Bull, one of the things I have been looking for is an OPEC committment to extending the cuts beyond next March. It never made sense that they would raise output during the shoulder season so if this is true, it is very positive especially if the IEA drawdown estimates for 4Q/1Q prove to be accurate.
cnniw.newsreal.com@2@3@3@1030&path=News/Category.NRdb@2@7
Oil gets double boost Source: CNNfn
LONDON (CNNfn) - A double dose of good news for the oil industry on both sides of the supply and demand chain lifted both petrochemical stocks and the price of benchmark crude Tuesday.
The biggest impetus came from Kuwaiti oil minister, Sheikh Saud Nasser al-Sabah, who said the 11 members of the Organization of the Petroleum Exporting Countries had already agreed in principle to extend their output limits beyond next March's expiration date.
"We will discuss the duration of extending the current accord in March but the principle has now become acceptable," Sheikh Saud told Reuters.
His comments came on the same day that the Paris-based International Energy Agency said the current OPEC cuts had started to make significant inroads into the oil inventories in the northern hemisphere.
The draw-down in stockpiles comes just before the period of highest demand - the northern hemisphere winter.
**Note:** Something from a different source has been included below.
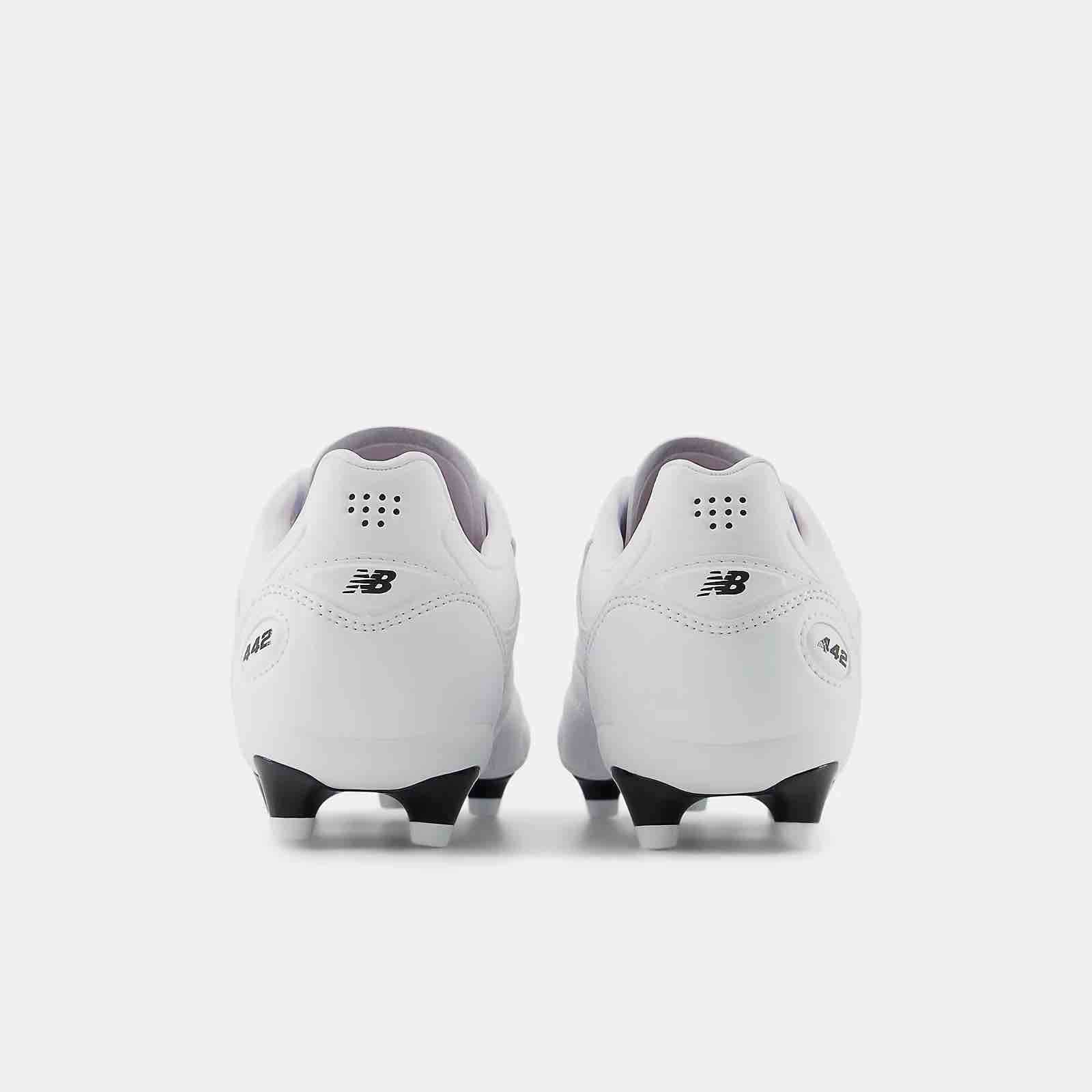 New Balance 442 Pro V3 2E Wide Firm Ground Soccer Cleats White (Pair - Back)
Stocks fell by 1.8 million barrels per day (bpd) in September and the IEA said rising demand during the winter was likely to cut inventories at a record rate.
Assuming steady OPEC output is maintained, stockpiles among OECD countries would fall by 2.6 million bpd in the last quarter of 1999 and 3.6 million bpd in the first three months of next year.
Commercial inventories by end-September stood 104 million barrels above 1996 historic lows. The IAE said higher oil prices had tempted some OPEC members to slightly raise output but that compliance was still running around 85 percent in October. The double whammy lifted the price of a barrel of benchmark Brent crude by 24 cents to $23.52 in London, pushing it nearer to October's 33-month high of $24.30.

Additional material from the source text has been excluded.